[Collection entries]
******

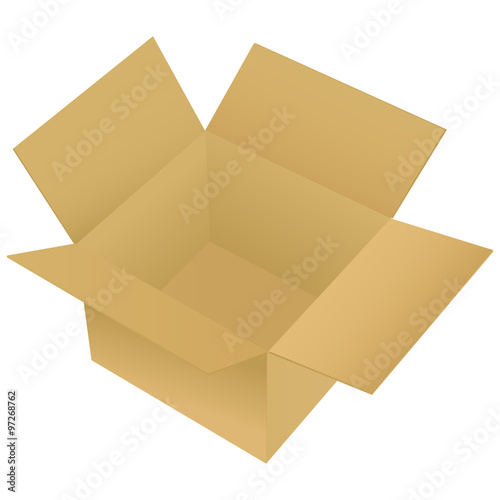 Brown box packaging. Top view of carton box. 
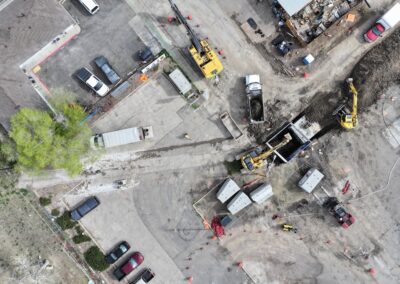 Aerial top down picture showing the construction at the intersection of Lakewood Pl and Reed St.
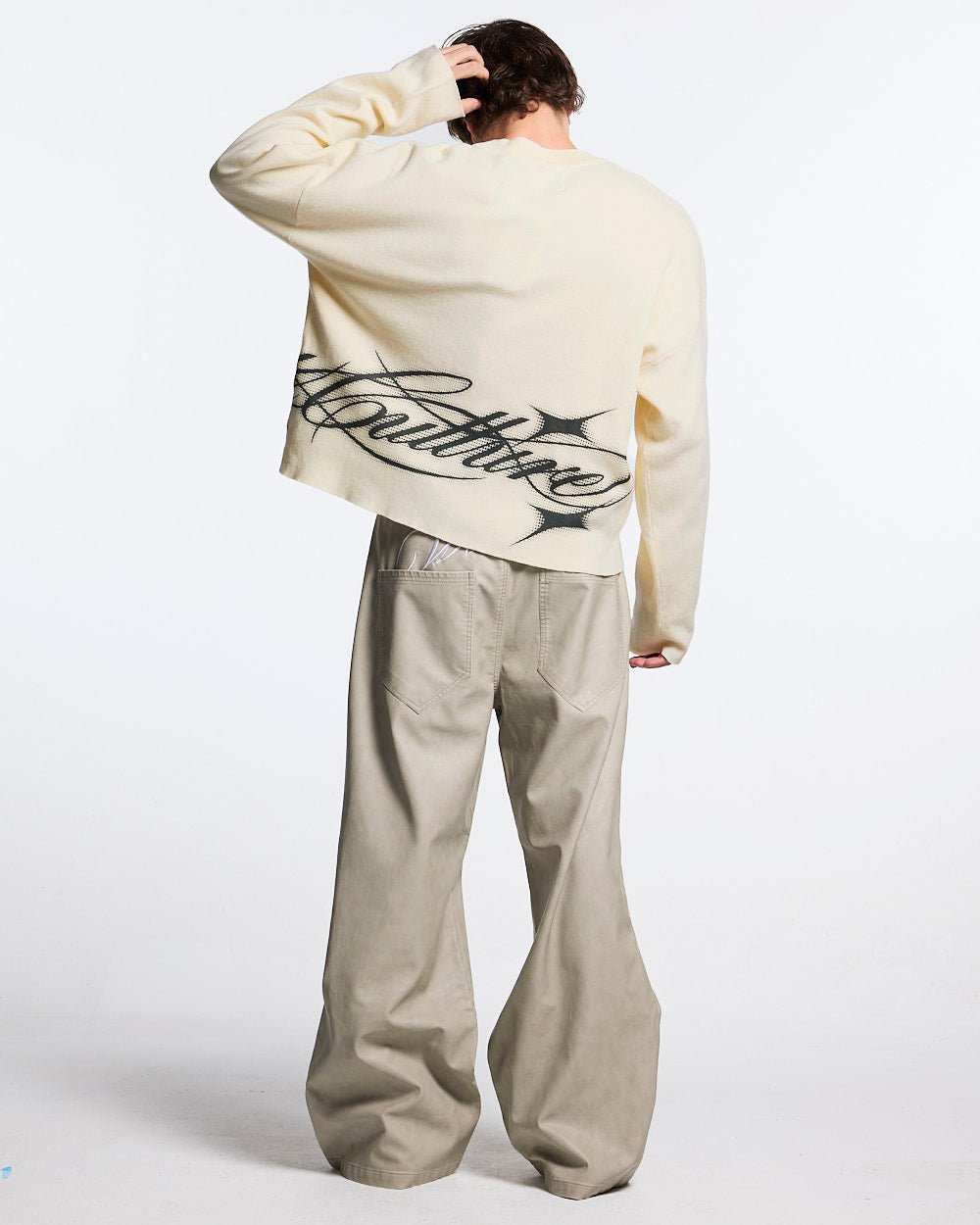 SPARKLY SCRIPT KNIT OFF WHITE - Cold Culture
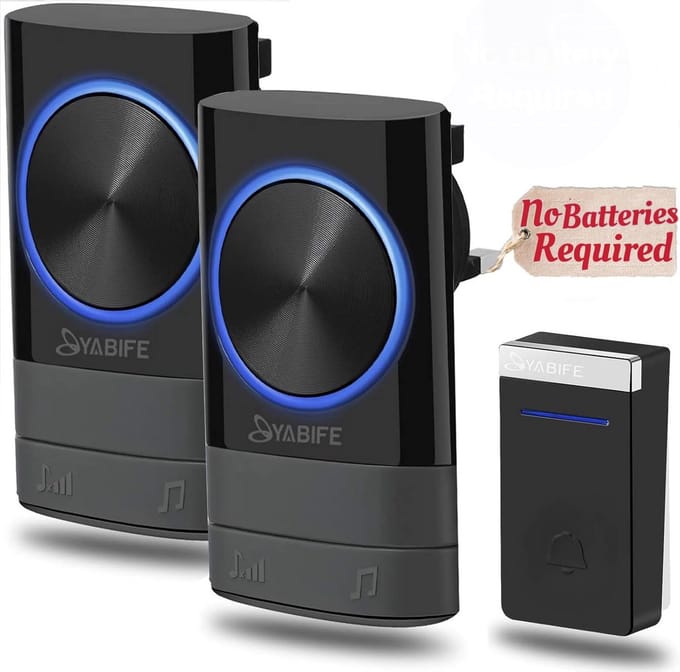 Draadloze Deurbel - 300m Bereik, Batterijvrij, Waterdicht, 2 Ontvangers & LED-Display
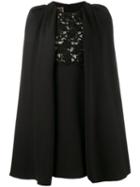 Giambattista Valli Macrame Lace Cape Dress, Women's, Size: 44, Black, Cotton/viscose/polyamide/silk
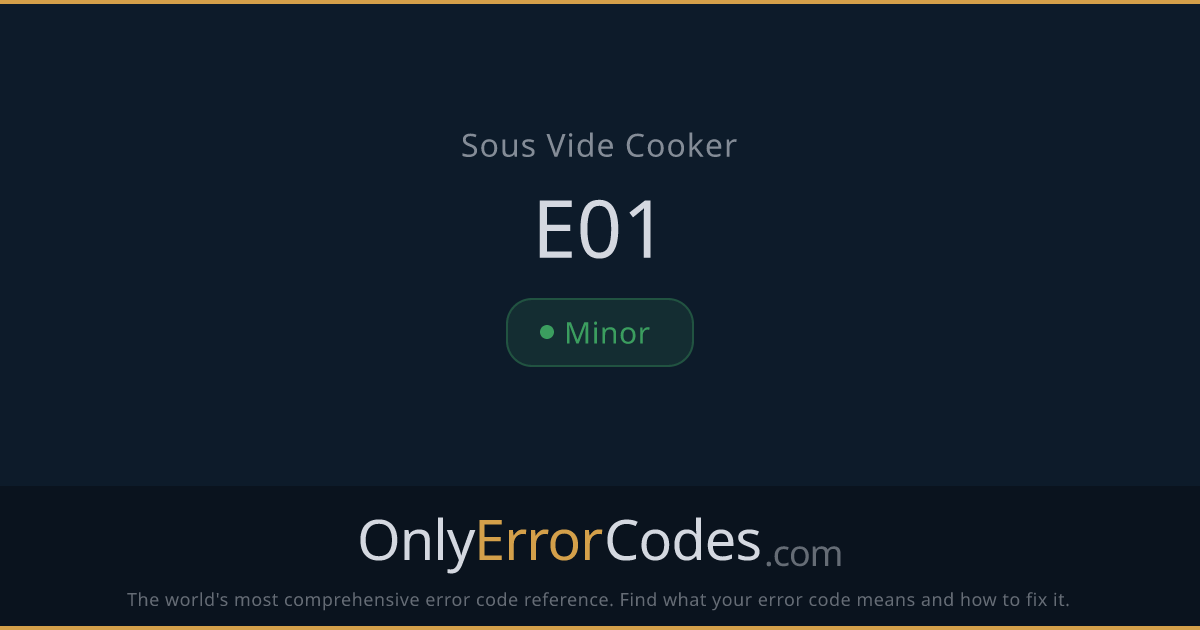 Anova Sous Vide E01 Error — Water Level Low Fix | OnlyErrorCodes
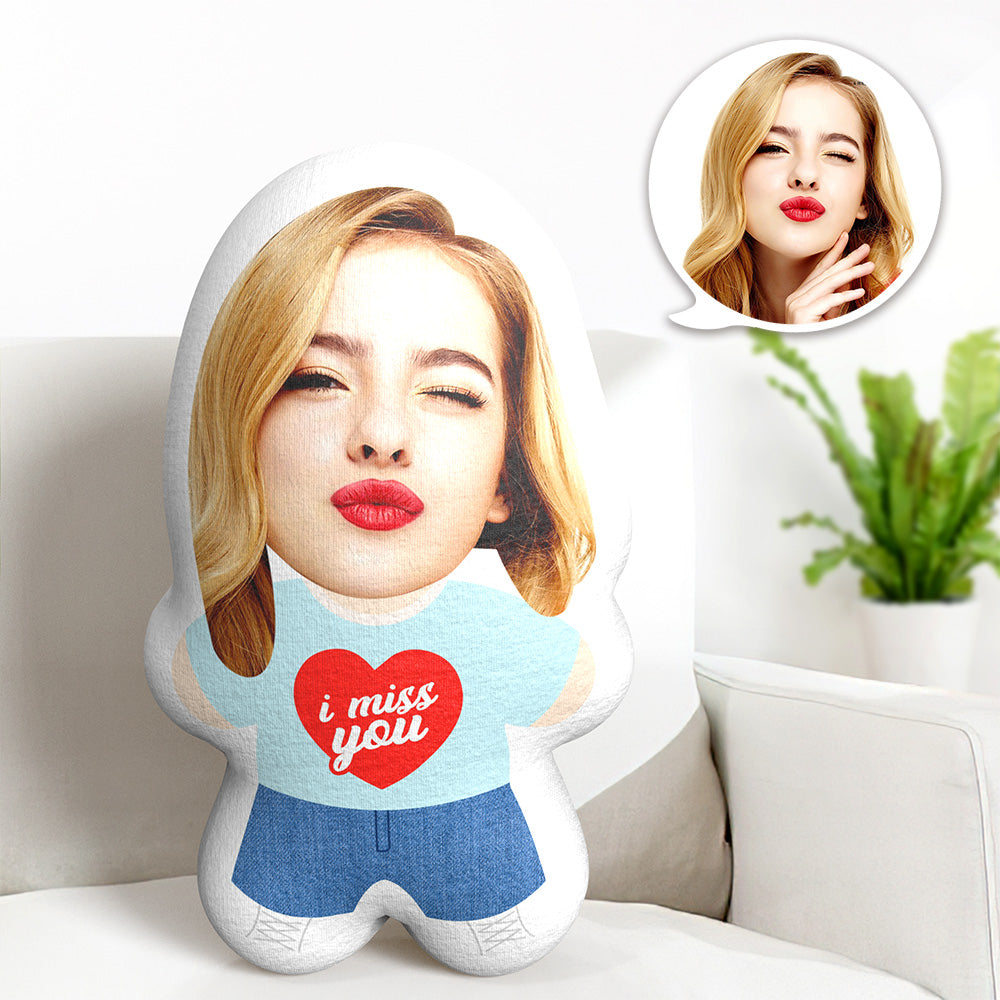 Benutzerdefiniertes Gesichtskissen „ich Vermisse Dich“-körperkissen, Personalisiertes Foto-minime-kissen - MiniMe Pillow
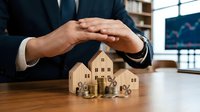 Businessman protecting wooden house models with coins on desk, symbolizing real estate investment, property insurance and financial security planning.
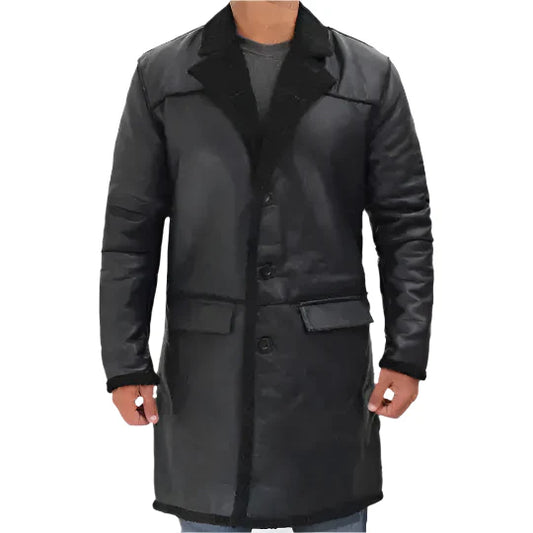 Mens Black Winter Shearling Leather Trench Coat
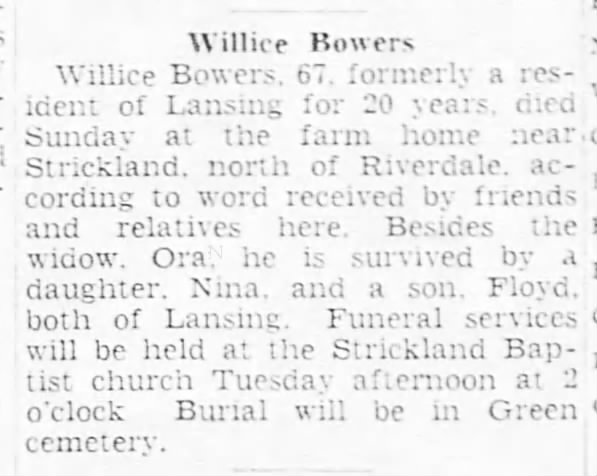 Bowers Willice obit Lansing State Journal Mon Feb 26, 1940 page 10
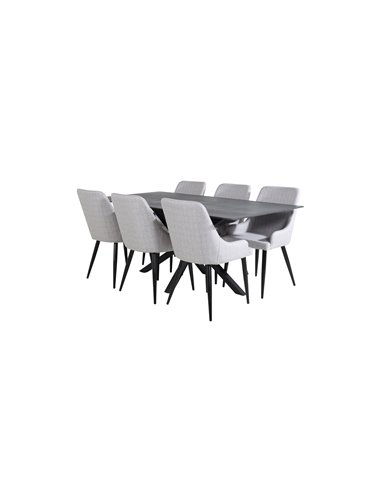 Matgrupp Piazza med Plaza matstolar, 180 × 90 cm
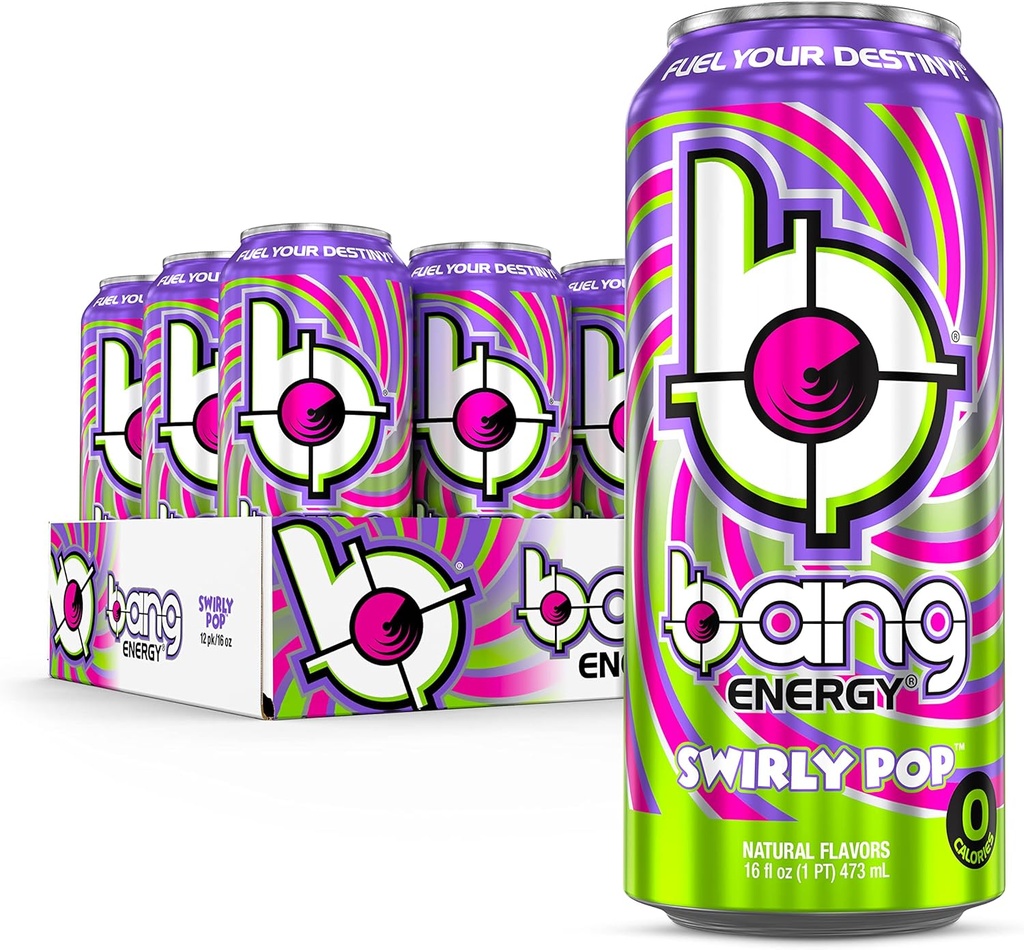 Bang Energy Swirly Pop, sans sucre, boisson énergétique, 16 once (paquet de 12)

******

WHAT YOU SHOULD DO: An exact copy is required of the lines from the start of the records above through the line with "Businessman protecting wooden", and only those, without any pictures.

SOLUTION TO THIS PROBLEM:
 Brown box packaging. Top view of carton box. 
 Aerial top down picture showing the construction at the intersection of Lakewood Pl and Reed St.
 SPARKLY SCRIPT KNIT OFF WHITE - Cold Culture
 Draadloze Deurbel - 300m Bereik, Batterijvrij, Waterdicht, 2 Ontvangers & LED-Display
 Giambattista Valli Macrame Lace Cape Dress, Women's, Size: 44, Black, Cotton/viscose/polyamide/silk
 Anova Sous Vide E01 Error — Water Level Low Fix | OnlyErrorCodes
 Benutzerdefiniertes Gesichtskissen „ich Vermisse Dich“-körperkissen, Personalisiertes Foto-minime-kissen - MiniMe Pillow
 Businessman protecting wooden house models with coins on desk, symbolizing real estate investment, property insurance and financial security planning.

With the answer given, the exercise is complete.